I kid you not, here is a short selection of some of the questions this award-winning, highly-paid, veteran news anchor chose to ask the most powerful man on Earth in her limited time with him:

  • “Have some of these [ICE] raids gone too far?”
  • “Who’s tougher to deal with, Vladimir Putin or Xi Jinping?”
  • “Why won’t Putin end this war?
  • “Do you worry about an AI bubble?”
  • “What do you hope to accomplish in the next three years?”

Ooooohh! Tough stuff! The new owner of CBS, David Ellison, and the new head of CBS News, Bari Weiss, must both be so proud. This is the kind of ‘balanced’ coverage I’m sure they were waiting for.
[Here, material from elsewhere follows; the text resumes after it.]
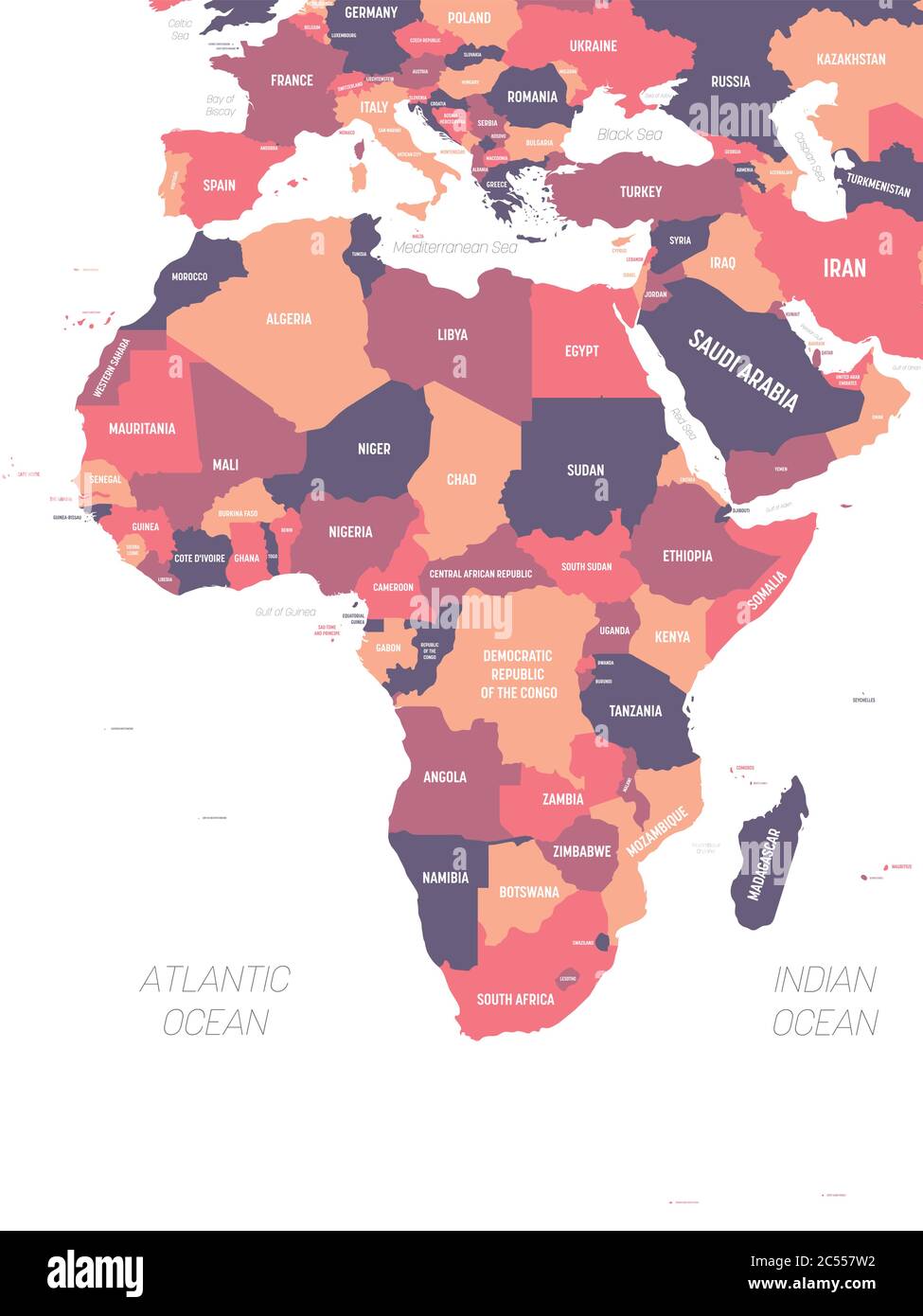 Afrika-Karte. Hoch detaillierte politische Karte des afrikanischen Kontinents mit Land-, Meer- und Meeresnamen Kennzeichnung. Stock Vektor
Then again, to be fair to them, O’Donnell has a long history of softball interviewing that predates the recent takeover of her network by a MAGA billionaire. Remember her love-in with Saudi crown prince MBS in 2018?

But this isn’t just about O’Donnell or CBS. The ‘60 Minutes’ interview with Trump showcased everything that is wrong with US political interviews in general. The deferential tone. The lack of preparation. The failure to ask follow-up questions or dig deep into an interviewee’s answers. The inability (unwillingness?) to fact-check in real time.

At one point, Trump asked O’Donnell whether she knew “how many presidents have used the Insurrection Act,” to which the CBS anchor simply responded: “Tell me.” Trump then proceeded to lie about the proportion (“Almost 50% of ‘em,” he said, when the real proportion is 38%) and the absolute number (“some of the presidents, recent ones, have used it 28 times,” he said, when the most was actually only six times, and back in the 1870s).

But O’Donnell said nothing. She just moved on.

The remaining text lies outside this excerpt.